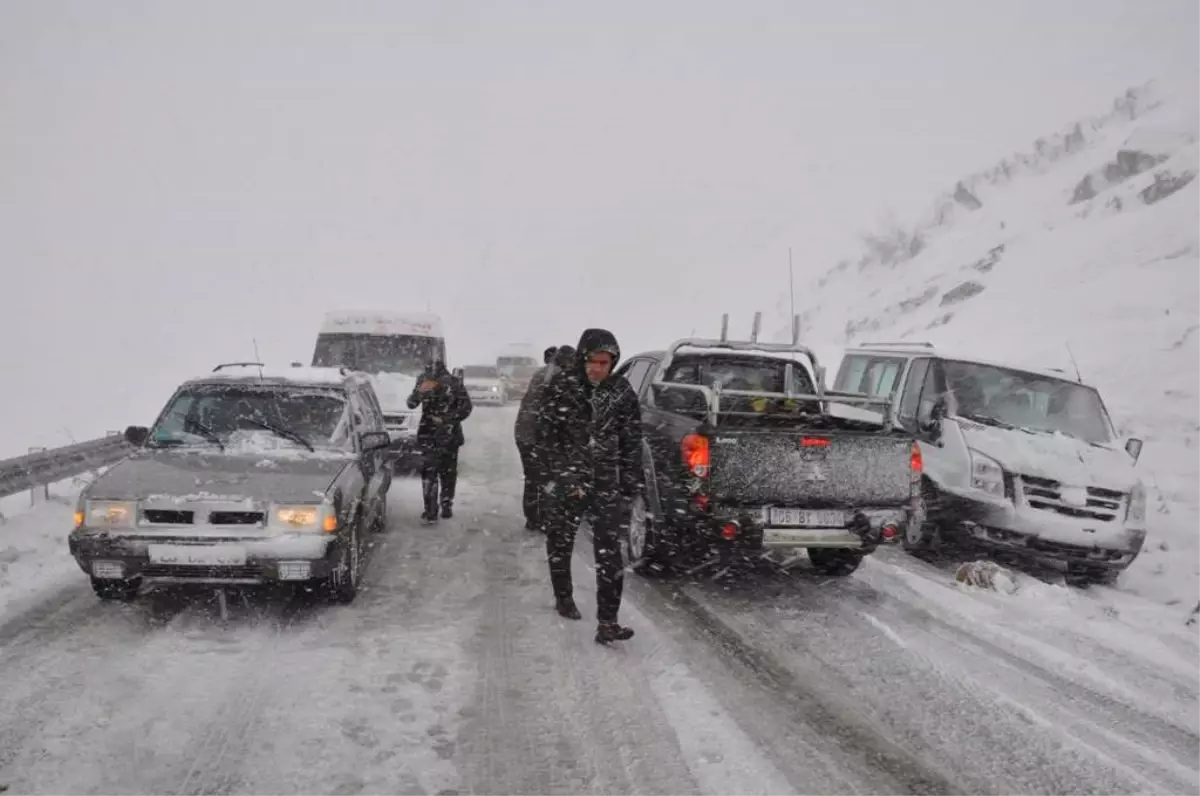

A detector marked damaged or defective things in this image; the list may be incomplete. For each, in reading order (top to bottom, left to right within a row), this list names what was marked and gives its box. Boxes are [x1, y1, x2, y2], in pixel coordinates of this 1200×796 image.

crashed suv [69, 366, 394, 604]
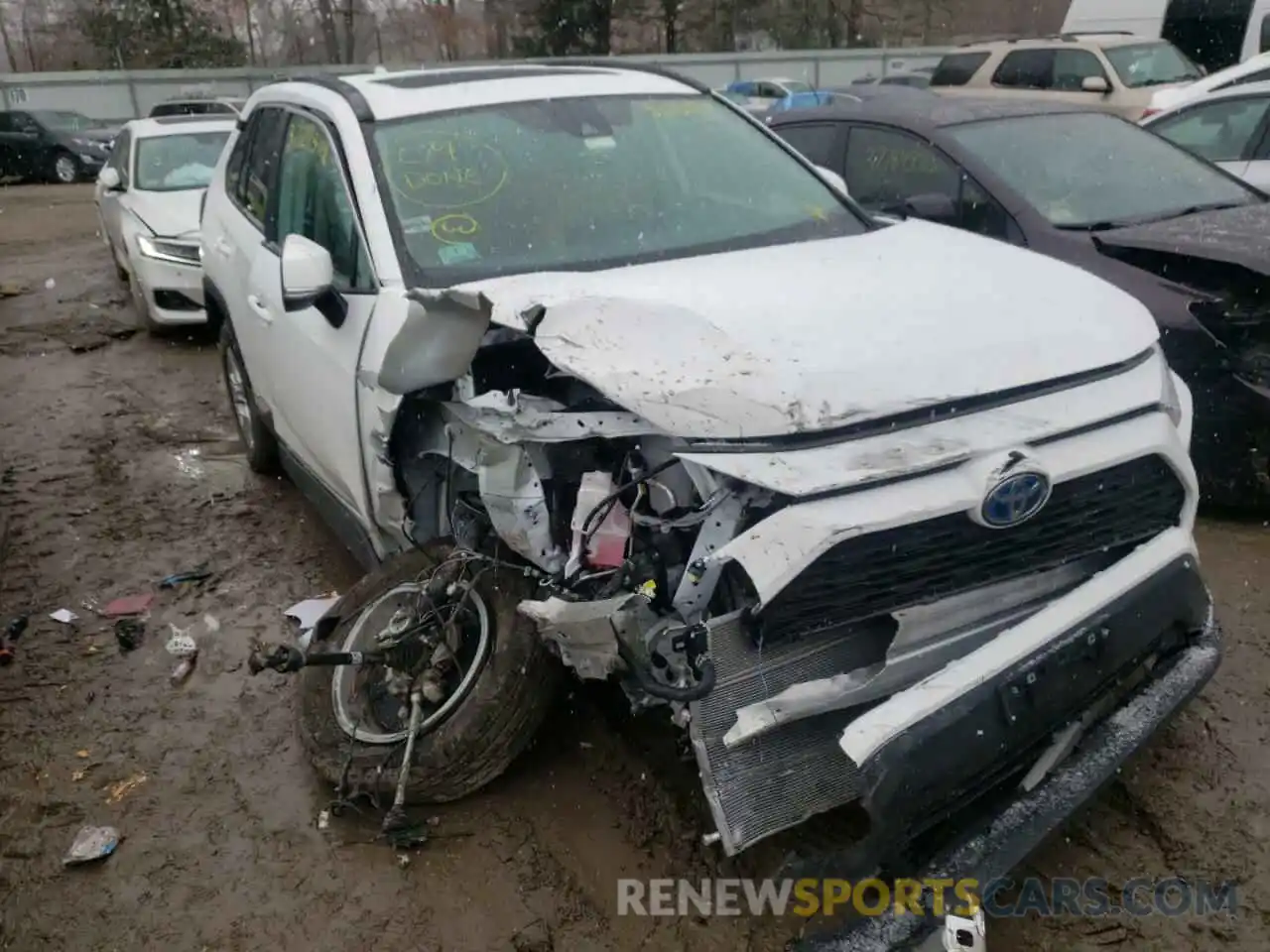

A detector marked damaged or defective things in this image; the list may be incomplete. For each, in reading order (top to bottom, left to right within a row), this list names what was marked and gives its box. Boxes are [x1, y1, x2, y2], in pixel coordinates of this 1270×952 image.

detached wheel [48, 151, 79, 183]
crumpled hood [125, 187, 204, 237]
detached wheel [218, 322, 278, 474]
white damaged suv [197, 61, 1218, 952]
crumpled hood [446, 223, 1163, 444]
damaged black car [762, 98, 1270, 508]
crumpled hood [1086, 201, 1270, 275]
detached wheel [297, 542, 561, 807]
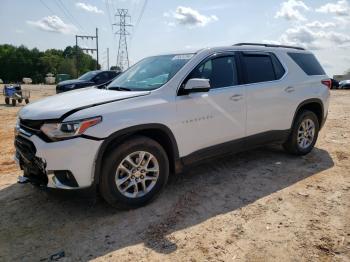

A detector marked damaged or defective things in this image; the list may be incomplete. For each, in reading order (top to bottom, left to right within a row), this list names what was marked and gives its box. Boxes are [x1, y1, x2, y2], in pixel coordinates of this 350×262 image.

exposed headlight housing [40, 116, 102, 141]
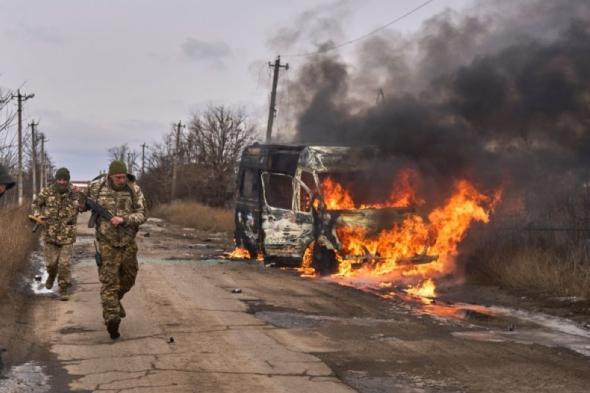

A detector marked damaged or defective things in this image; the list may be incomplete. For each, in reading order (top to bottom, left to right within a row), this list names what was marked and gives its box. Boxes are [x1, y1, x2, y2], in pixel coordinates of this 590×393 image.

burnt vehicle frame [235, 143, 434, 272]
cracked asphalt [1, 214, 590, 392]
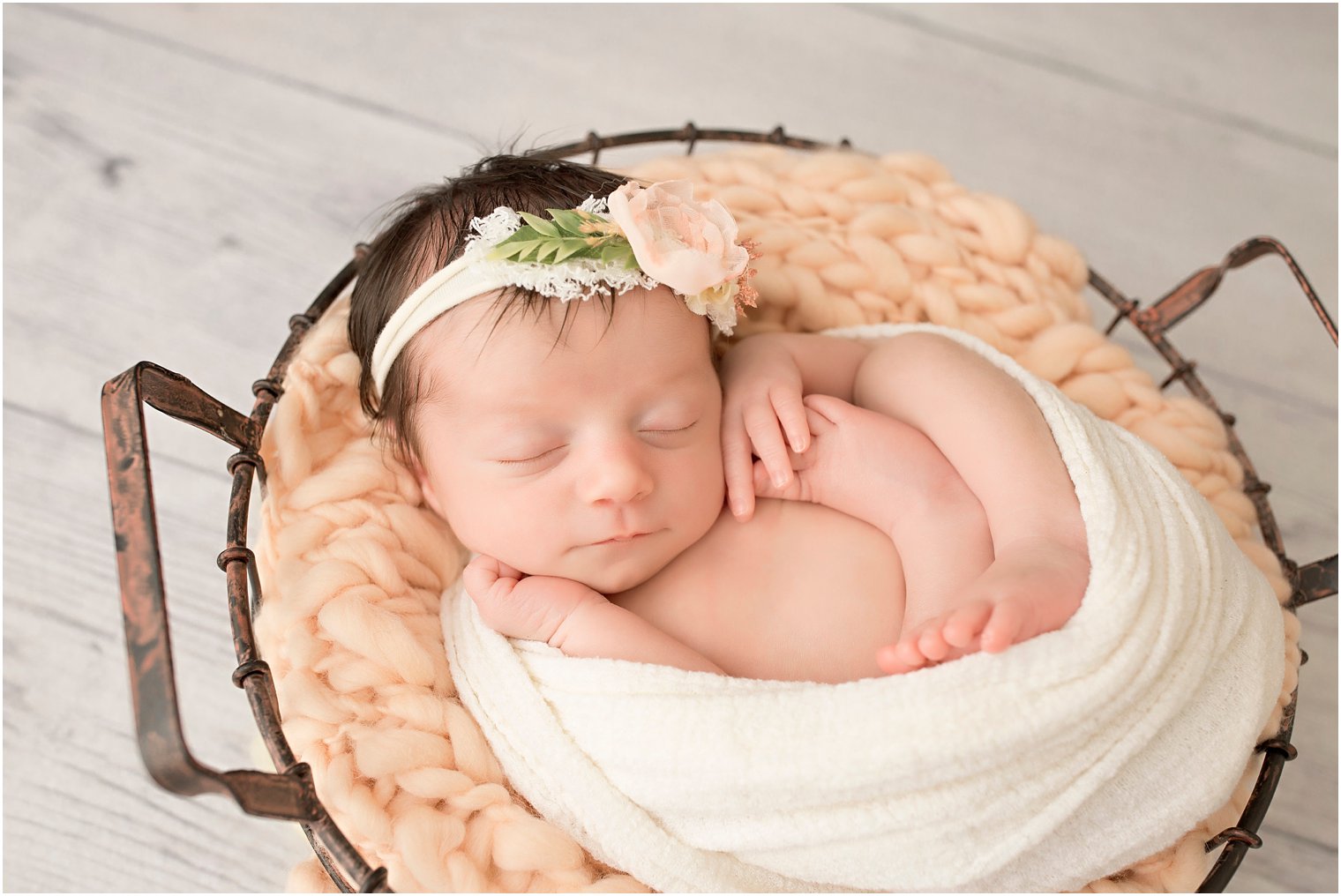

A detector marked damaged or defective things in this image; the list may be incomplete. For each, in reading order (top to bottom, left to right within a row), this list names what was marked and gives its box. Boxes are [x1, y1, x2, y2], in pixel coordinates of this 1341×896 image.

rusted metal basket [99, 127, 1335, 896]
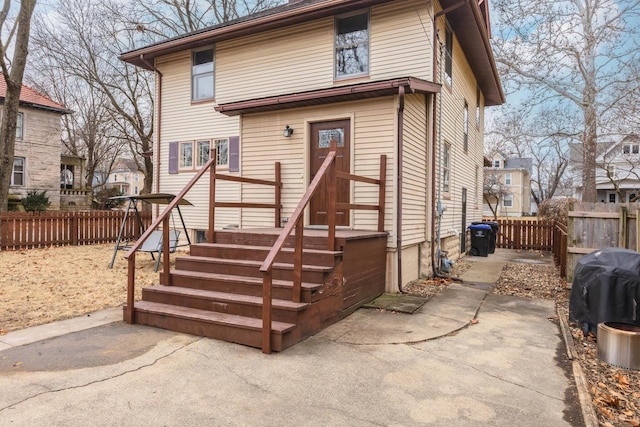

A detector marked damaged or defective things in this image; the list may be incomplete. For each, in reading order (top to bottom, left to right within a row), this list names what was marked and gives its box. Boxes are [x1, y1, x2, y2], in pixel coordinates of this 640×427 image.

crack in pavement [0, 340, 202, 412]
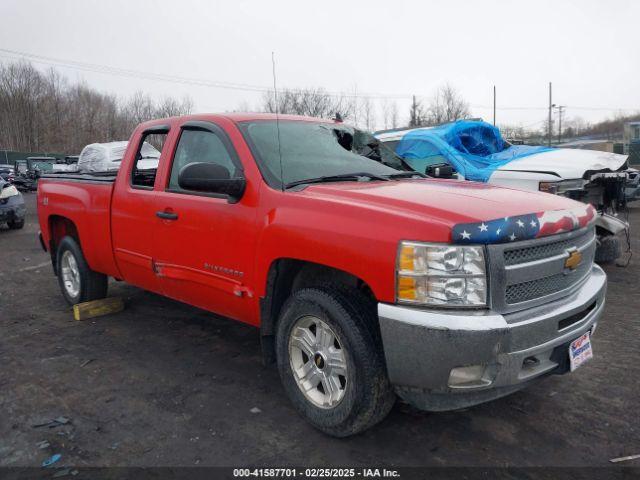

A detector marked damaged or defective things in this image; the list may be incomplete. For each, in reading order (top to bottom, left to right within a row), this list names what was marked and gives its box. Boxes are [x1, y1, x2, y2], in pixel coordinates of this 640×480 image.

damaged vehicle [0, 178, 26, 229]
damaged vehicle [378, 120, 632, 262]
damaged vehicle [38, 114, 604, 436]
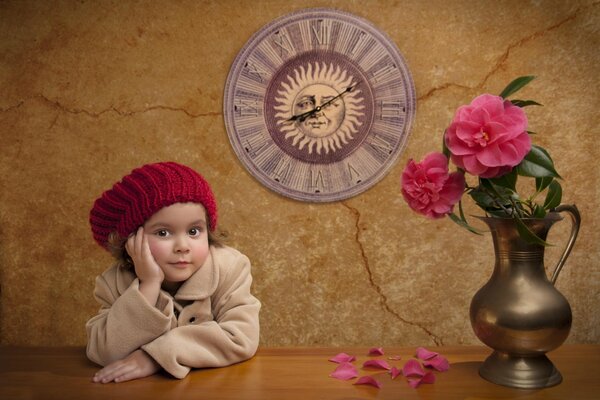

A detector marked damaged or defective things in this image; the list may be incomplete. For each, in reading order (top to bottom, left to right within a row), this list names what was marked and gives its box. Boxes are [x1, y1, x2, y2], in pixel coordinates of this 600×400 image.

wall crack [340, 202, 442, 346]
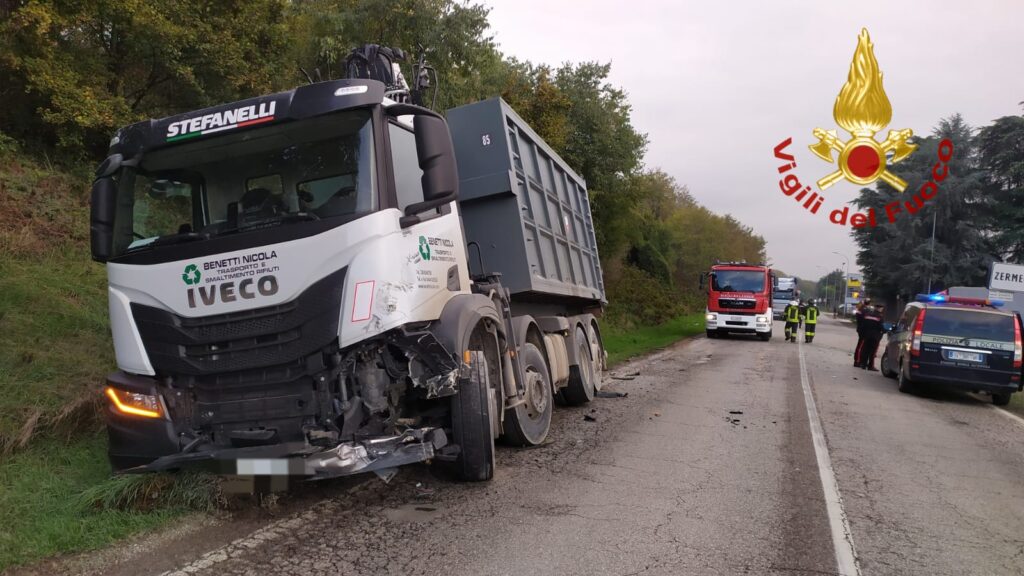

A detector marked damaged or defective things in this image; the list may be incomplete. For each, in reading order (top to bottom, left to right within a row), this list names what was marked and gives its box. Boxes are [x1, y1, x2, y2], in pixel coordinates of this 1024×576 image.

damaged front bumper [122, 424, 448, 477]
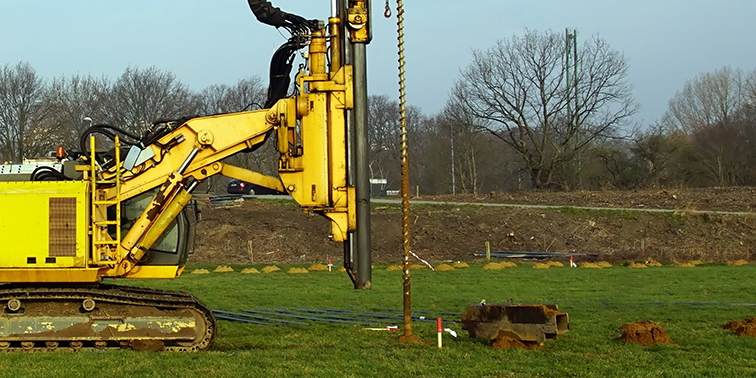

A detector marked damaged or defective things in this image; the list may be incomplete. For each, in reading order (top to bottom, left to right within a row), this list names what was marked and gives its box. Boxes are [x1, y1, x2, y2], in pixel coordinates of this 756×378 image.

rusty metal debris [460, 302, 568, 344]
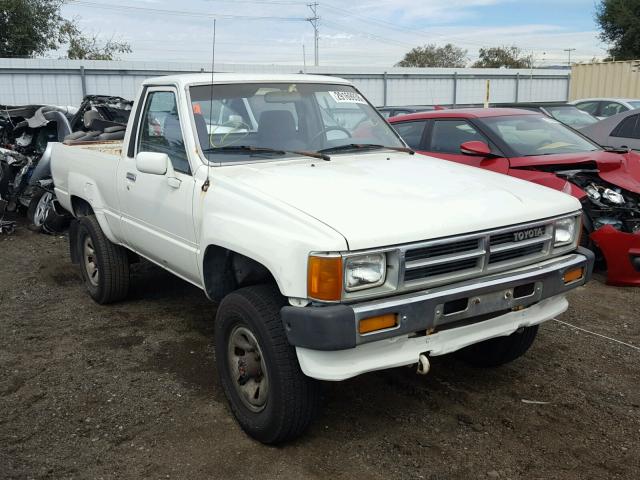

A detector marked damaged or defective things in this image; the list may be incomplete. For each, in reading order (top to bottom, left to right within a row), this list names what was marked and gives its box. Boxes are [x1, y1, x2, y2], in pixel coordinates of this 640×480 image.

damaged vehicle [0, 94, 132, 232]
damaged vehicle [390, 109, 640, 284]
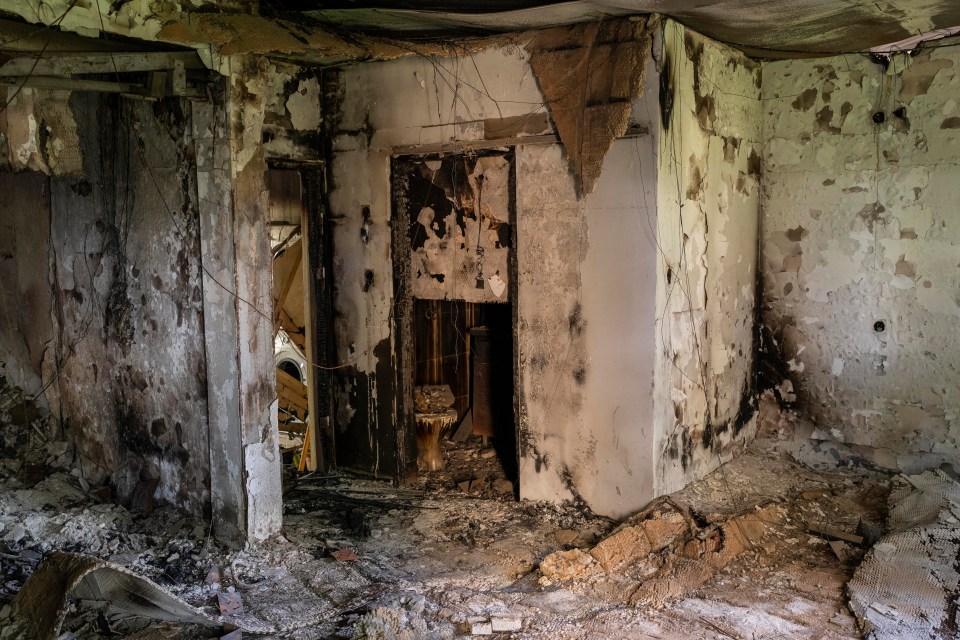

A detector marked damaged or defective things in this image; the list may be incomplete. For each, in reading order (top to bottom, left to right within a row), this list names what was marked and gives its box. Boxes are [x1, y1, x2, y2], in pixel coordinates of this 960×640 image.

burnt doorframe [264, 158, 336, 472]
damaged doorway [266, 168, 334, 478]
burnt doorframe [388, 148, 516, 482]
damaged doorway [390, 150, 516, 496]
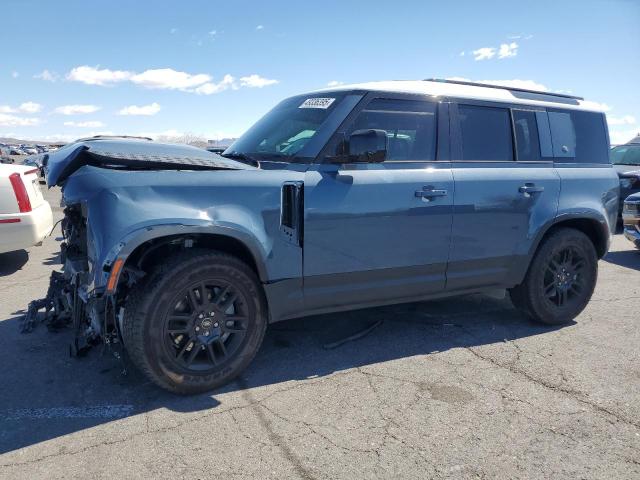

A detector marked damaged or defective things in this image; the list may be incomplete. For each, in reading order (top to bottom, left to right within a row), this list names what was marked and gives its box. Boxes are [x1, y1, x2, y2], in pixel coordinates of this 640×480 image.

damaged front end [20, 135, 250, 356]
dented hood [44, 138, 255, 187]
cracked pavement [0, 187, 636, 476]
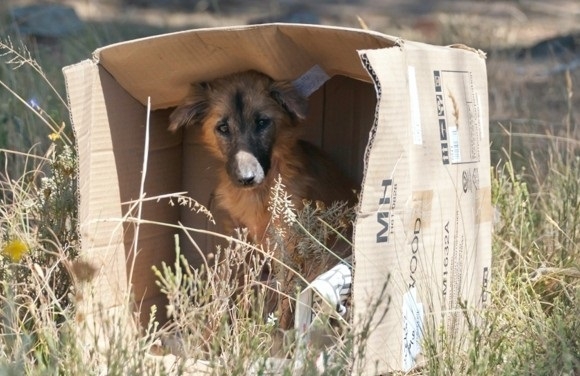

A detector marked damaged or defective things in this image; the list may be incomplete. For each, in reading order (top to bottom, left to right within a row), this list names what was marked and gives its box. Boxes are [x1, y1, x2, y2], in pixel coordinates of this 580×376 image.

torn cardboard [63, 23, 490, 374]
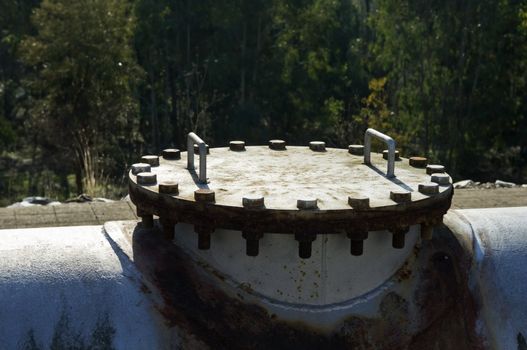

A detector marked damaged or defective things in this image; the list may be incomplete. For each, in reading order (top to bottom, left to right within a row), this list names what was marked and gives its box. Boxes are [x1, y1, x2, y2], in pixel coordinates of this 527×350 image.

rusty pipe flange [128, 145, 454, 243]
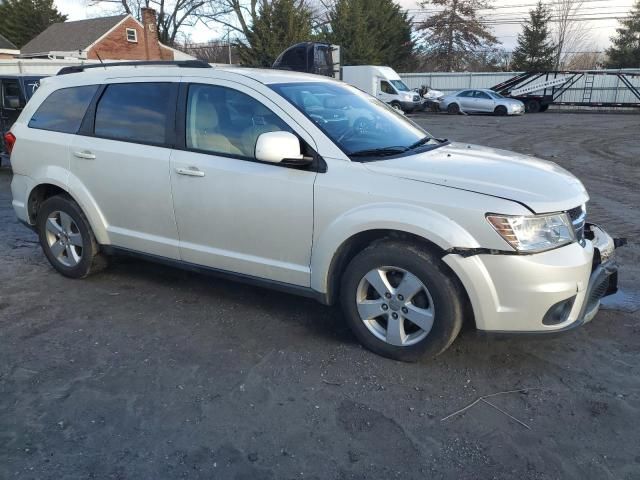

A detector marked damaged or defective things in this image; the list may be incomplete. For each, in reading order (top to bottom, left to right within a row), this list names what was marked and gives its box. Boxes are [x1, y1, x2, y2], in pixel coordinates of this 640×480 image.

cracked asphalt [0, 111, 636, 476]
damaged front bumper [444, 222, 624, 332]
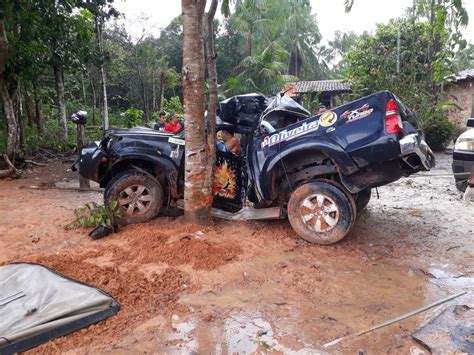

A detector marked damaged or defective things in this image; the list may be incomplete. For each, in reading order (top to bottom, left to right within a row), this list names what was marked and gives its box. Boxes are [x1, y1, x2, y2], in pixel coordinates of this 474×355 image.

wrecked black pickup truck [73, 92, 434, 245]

--

The copy must start at the line containing "this 580×376 image." and end at the last line of the records, matching each line exactly and holding no pictures.

A detector marked damaged or defective things in this image; the list may be incomplete. For each, in reading order (top to bottom, left to right within a row), this list names what was marked and gives its box. Boxes are [x1, y1, x2, y2], in pixel coordinates of this 580×376 image.

torn cardboard [63, 23, 490, 374]

A detector marked damaged or defective things in this image; the list may be incomplete. For each, in reading order (top to bottom, left to right within a row), this list names what was marked and gives its box. Boxes are [x1, y1, x2, y2], in pixel coordinates of this 527×350 image.

rusty pipe flange [128, 145, 454, 243]

A detector marked damaged or defective things in this image; the list may be incomplete. For each, in reading order (top to bottom, left to right within a row), this list names what was marked and gives its box. Boxes are [x1, y1, x2, y2], in pixel coordinates of this 640×480 image.

cracked asphalt [0, 111, 636, 476]
damaged front bumper [444, 222, 624, 332]

A detector marked damaged or defective things in this image; the list may be incomplete. For each, in reading order (top to bottom, left to right within a row), this list names what was marked and gives its box. Boxes are [x1, y1, x2, y2], in pixel coordinates of this 474×355 image.

wrecked black pickup truck [73, 92, 434, 245]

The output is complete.